**Records to use:**

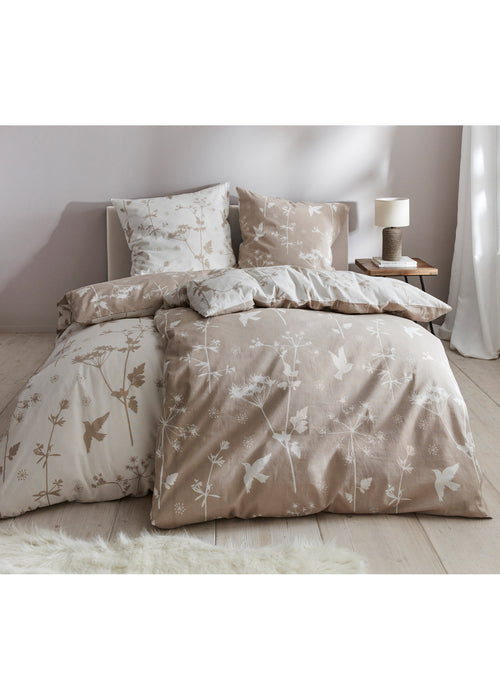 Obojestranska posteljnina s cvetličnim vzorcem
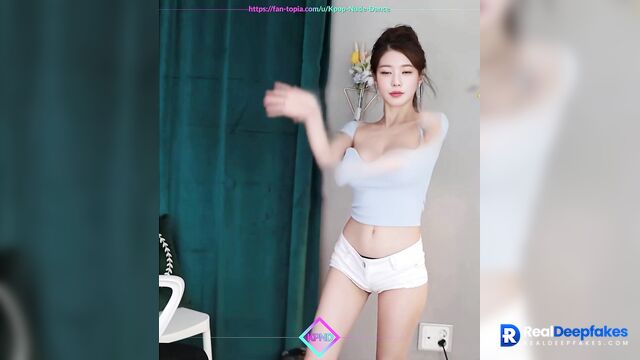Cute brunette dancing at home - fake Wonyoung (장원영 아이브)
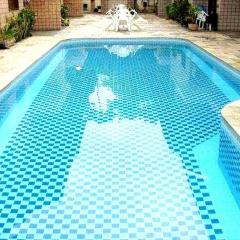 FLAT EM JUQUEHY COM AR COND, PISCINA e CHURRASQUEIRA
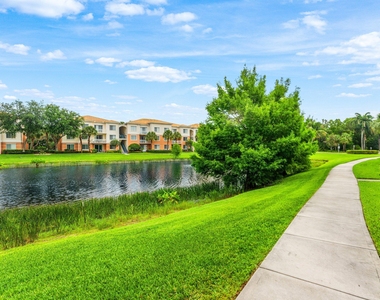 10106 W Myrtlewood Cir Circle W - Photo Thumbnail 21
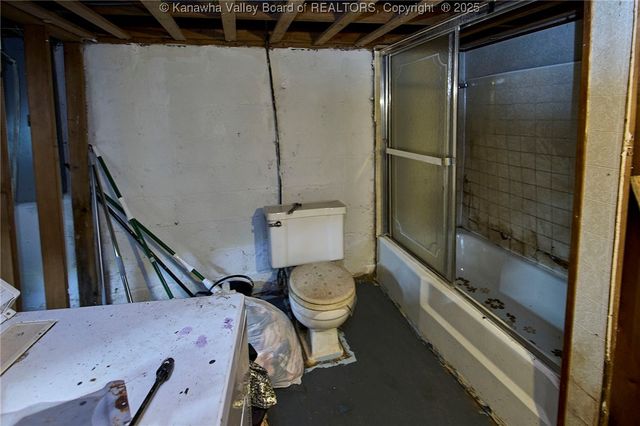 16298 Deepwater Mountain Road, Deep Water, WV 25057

**What is required:** Reproduce the listing above from the line that contains "FLAT EM JUQUEHY" through its final line, exactly and with nothing added. Omit the images.

**The answer:**
 FLAT EM JUQUEHY COM AR COND, PISCINA e CHURRASQUEIRA
 10106 W Myrtlewood Cir Circle W - Photo Thumbnail 21
 16298 Deepwater Mountain Road, Deep Water, WV 25057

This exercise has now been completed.